To me, your photos have a very urban feel to them, and in general for an urban flair they're good.  I think you're off to a great start.  For a portfolio I think you would do well to include some more "elegant" shots - dress your subjects up more for portraits than urban, and find some areas in parks with flowers, trees, or shrubs as backgrounds; or take a make-shift background on location with you.  Learn and work on using the natural light around you mixed with a speedlight (or two).  Learning to place, use & blend flash lighting with ambient (natural) lighting to create different moods in your photos is going to be huge for you.

This would go a long ways to showing you have versatility & creativity - that you can think out of the box, create photos,  and tell a story with them, not simply just click a shutter button.


----------



## vintagesnaps

I'd keep working on composition etc. I don't see why you can't keep shooting outdoors and keep an eye out for some studio opportunity in the future. 

I like the rooftop idea, I'd think about vantage point and notice backgrounds, take a step or two and think about how that changes the perspective. I like the last one of that set, although I can't decide if I like the subject leaning against the pole or not. But that's a great place to get more than one photo by making sometimes a slight difference in vantage point. Try playing around with it some if you have a subject who's willing for you to take some time to try out different vantage points, etc. 

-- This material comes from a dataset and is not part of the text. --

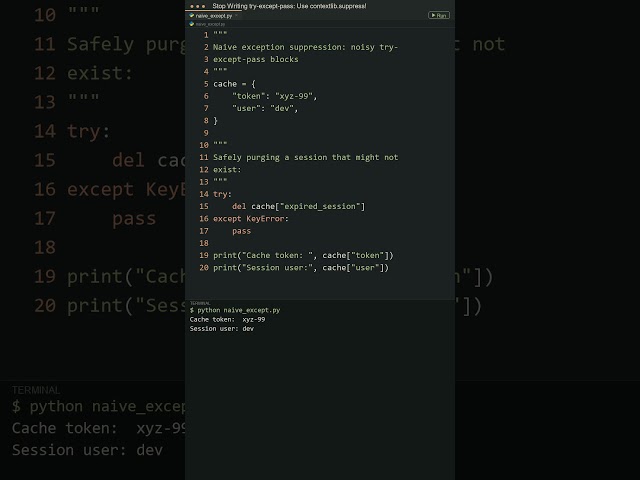Never Write try-except-pass in Python Again #python #codingtips #webdev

I'd work on noticing details too, in the one portrait I'd either have the hair a little spiky or comb it down, but it looks unintentional to have a few flyaway hairs sticking up. With the first one of the young woman, I'd think about where to place her in relation to the cars; they aren't that interesting and just seem to be visually distracting. I'd think more interesting doorway and brick, less cars, and maybe flip the camera to frame it vertically. Even if the background's out of focus, there can be blobs of shape and color there that need to be considered in the composition. 

Do you ever look at the Photo District News? They do have a student discount of half off subscriptions, although part of each issue you can see on their website. http://www.pdnonlne.com 

Are you familiar with Photoville? might be worth checking out if you can get there.

Maybe get to photography events if/when you can, I've found you never know what you might learn or who you might meet or if it could lead to an opportunity. If nothing else there may be little snacks on toothpicks.


----------